TL;DR: CloudFront is for content delivery. S3 Transfer Acceleration is for faster transfers and higher throughput to S3 buckets (mainly uploads).
Amazon S3 Transfer Acceleration is an S3 feature that accelerates uploads to S3 buckets using AWS Edge locations - the same Edge locations as in AWS CloudFront service.
However, (a) creating a CloudFront distribution with an origin pointing to your S3 bucket and (b) enabling S3 Transfer acceleration for your bucket - are two different things serving two different purposes.
When you create a CloudFront distribution with an origin pointing to your S3 bucket, you enable caching on Edge locations. Consequent requests to the same objects will be served from the Edge cache which is faster for the end user and also reduces the load on your origin. CloudFront is primarily used as a content delivery service.

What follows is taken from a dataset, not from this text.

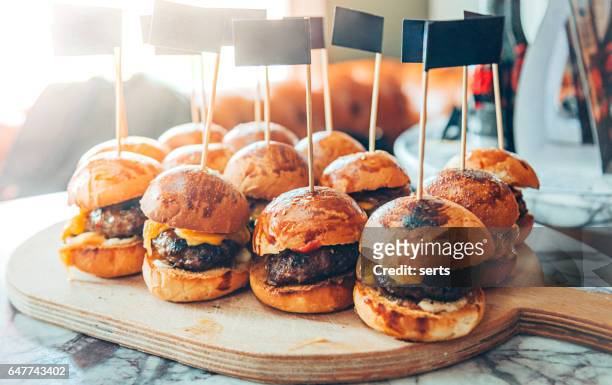 mini-hamburger - burger onion stock-fotos und bilder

When you enable S3 Transfer Acceleration for your S3 bucket and use <bucket>.s3-accelerate.amazonaws.com instead of the default S3 endpoint, the transfers are performed via the same Edge locations, but the network path is optimized for long-distance large-object uploads. Extra resources and optimizations are used to achieve higher throughput. No caching on Edge locations.
More inromation:
https://aws.amazon.com/blogs/aws/aws-storage-update-amazon-s3-transfer-acceleration-larger-snowballs-in-more-regions/
http://docs.aws.amazon.com/AmazonS3/latest/dev/transfer-acceleration-examples.html
https://aws.amazon.com/about-aws/whats-new/2016/04/transfer-files-into-amazon-s3-up-to-300-percent-faster/
If you are interested in the difference between these two options pertaining to uploading content to S3 you may be interested in the following from Amazon's FAQ for S3:
Q. How should I choose between Transfer Acceleration and Amazon
CloudFront’s PUT/POST? Transfer Acceleration optimizes the TCP
protocol and adds additional intelligence between the client and the
S3 bucket, making Transfer Acceleration a better choice if a higher
throughput is desired. If you have objects that are smaller than 1GB
or if the data set is less than 1GB in size, you should consider using
Amazon CloudFront's PUT/POST commands for optimal performance.

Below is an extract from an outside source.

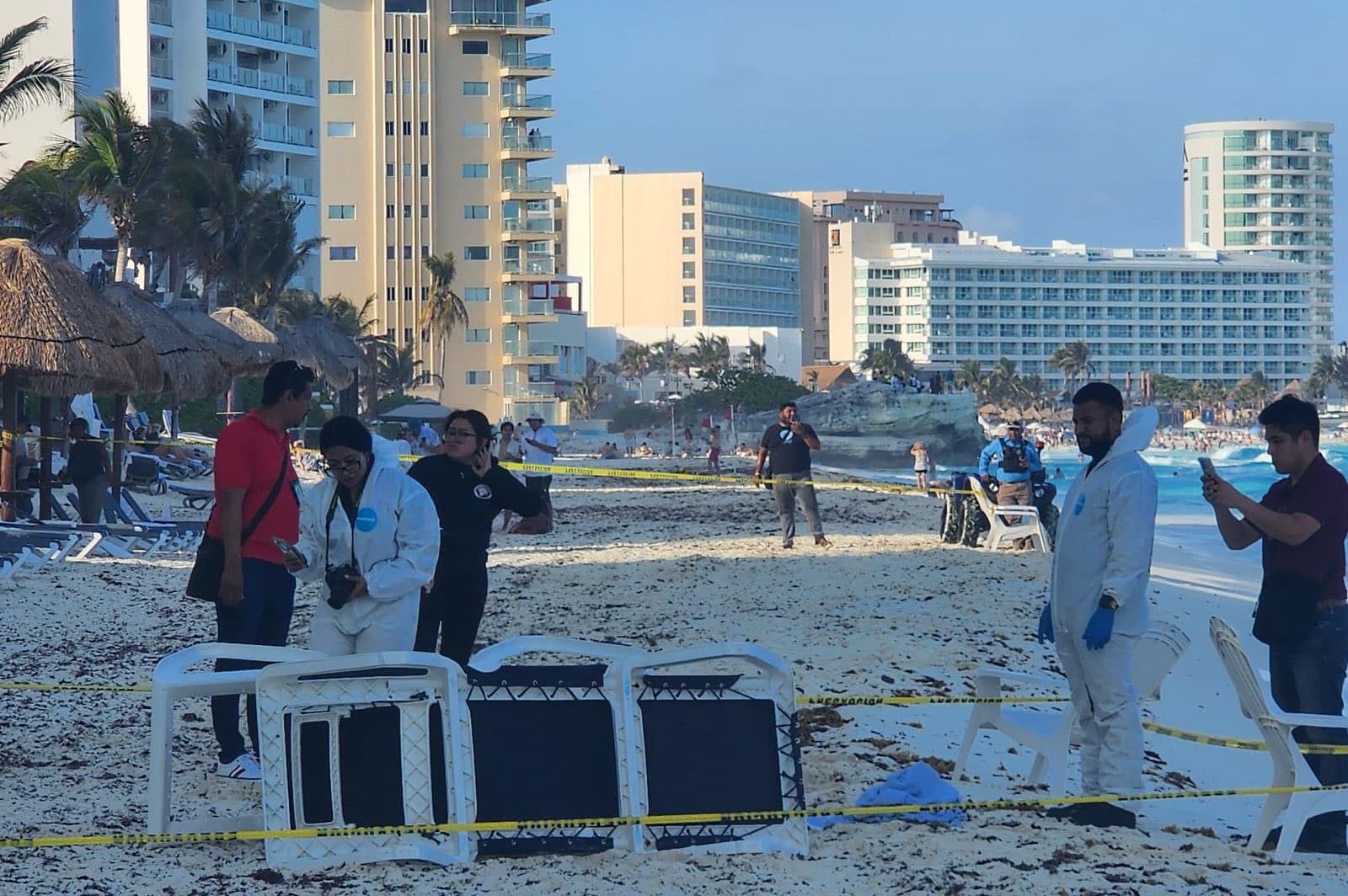 Turista estadounidense muere tras rescatar a una amiga en el mar de Cancún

As the FAQ answer states, transfer acceleration should be used if you need higher throughput.
Per the FAQs:
Q: How should I choose between S3 Transfer Acceleration and Amazon CloudFront’s PUT/POST?
S3 Transfer Acceleration optimizes the TCP protocol and adds additional intelligence between the client and the S3 bucket, making S3 Transfer Acceleration a better choice if a higher throughput is desired. If you have objects that are smaller than 1GB or if the data set is less than 1GB in size, you should consider using Amazon CloudFront's PUT/POST commands for optimal performance.
https://aws.amazon.com/s3/faqs/#s3ta
both Amazon cloudfront and amazon S3 are very different. Here is what these are for:
Amazon S3 provides a storage service on the internet while Amazon CloudFront is a web service for content delivery. Amazon S3 uses its own global network of websites while Amazon CloudFront delivers your content through a worldwide network of edge locations. Major differences in the features of both these services are mentioned Here.
And if you want to know about the S3 transfer accelerators, it actually takes advantage of Amazon CloudFront’s globally distributed edge locations to deliver/transfer fast, easy, and secure way of files over long distances between your client and an S3 bucket. Want to read more about S3 transfer accelerator, click here.
CloudFront is download direction only, so it is not offering a performant upload to the origin. Whereas S3 with Transfer Acceleration, it will utilize Edge locations like CloudFront both for upload and download.